> [INSTRUCTIONS FOR THE TASK]: Quote the whole listing exactly. Leave the pictures out of your copy.

----- SOURCE MATERIAL -----

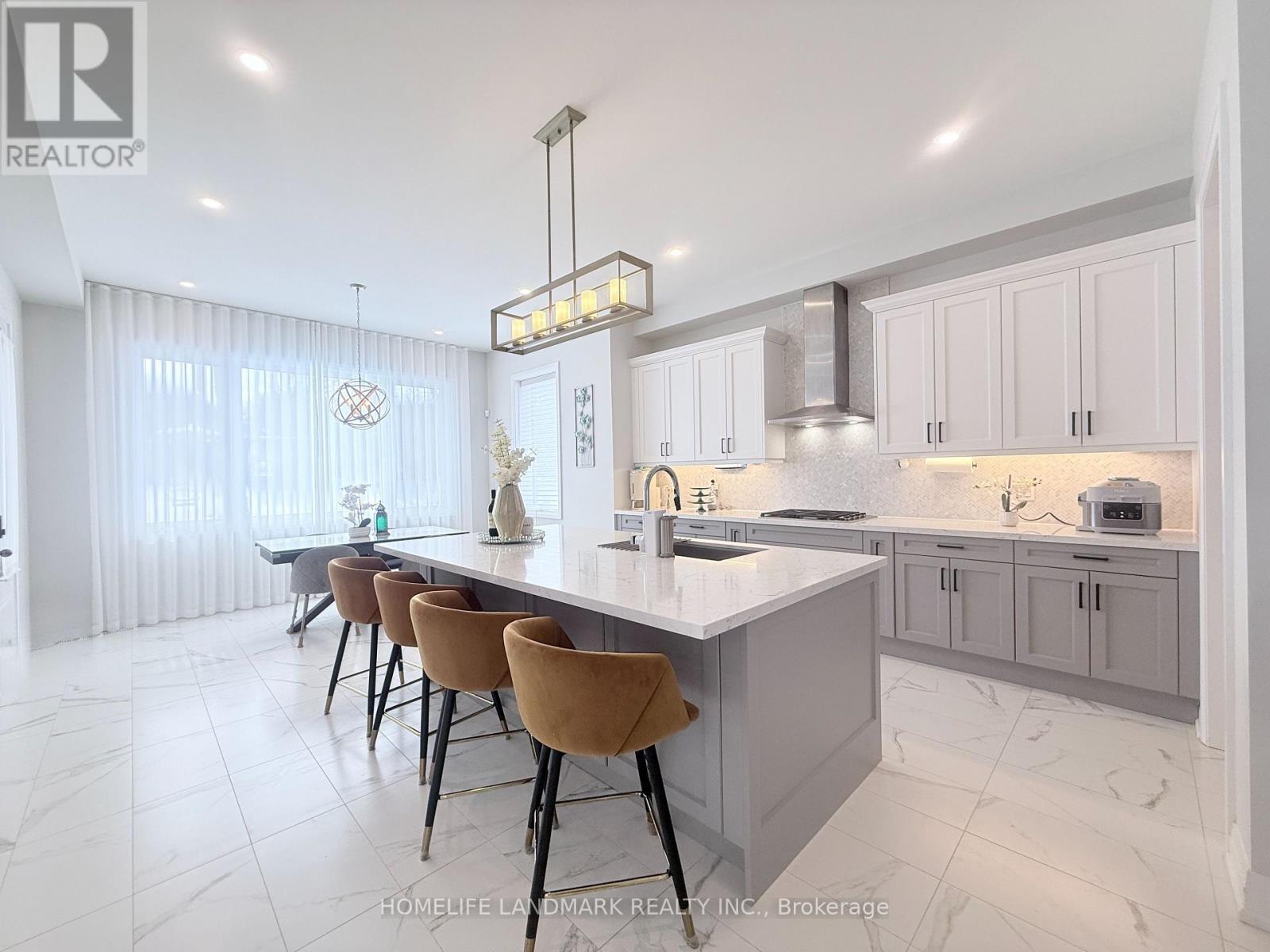 37 Wallace Merchant Court, Aurora, Ontario  L4A 4A5 - Photo 22 - N12806018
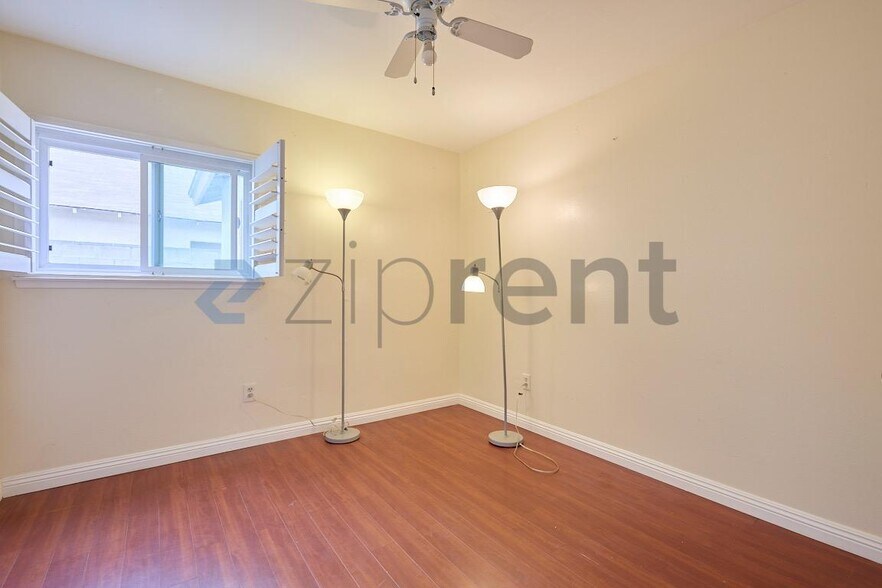 Building Photo - Unit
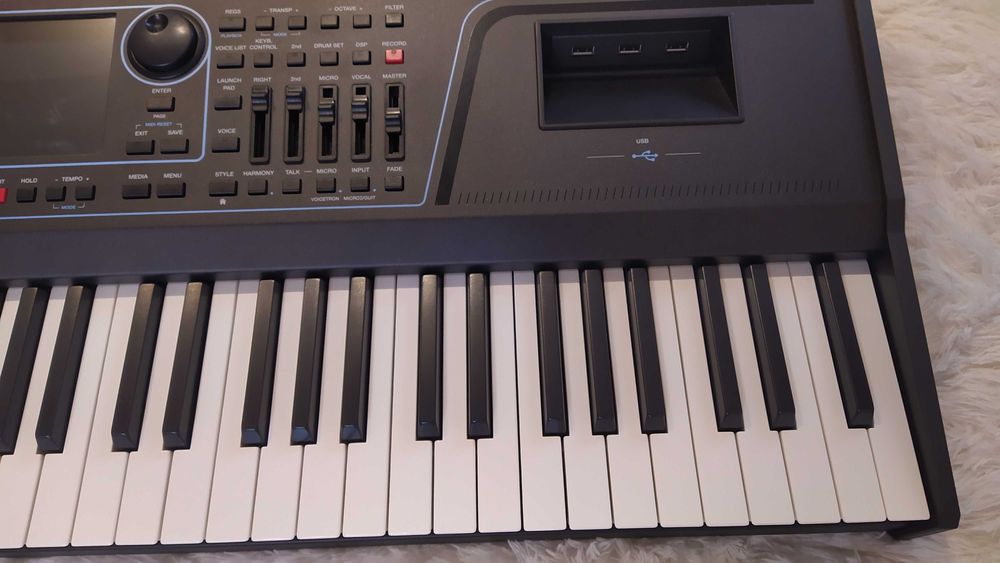 Ketron SD 9 Pro Live + style podkłady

-----

> [RESULT]:
 37 Wallace Merchant Court, Aurora, Ontario  L4A 4A5 - Photo 22 - N12806018
 Building Photo - Unit
 Ketron SD 9 Pro Live + style podkłady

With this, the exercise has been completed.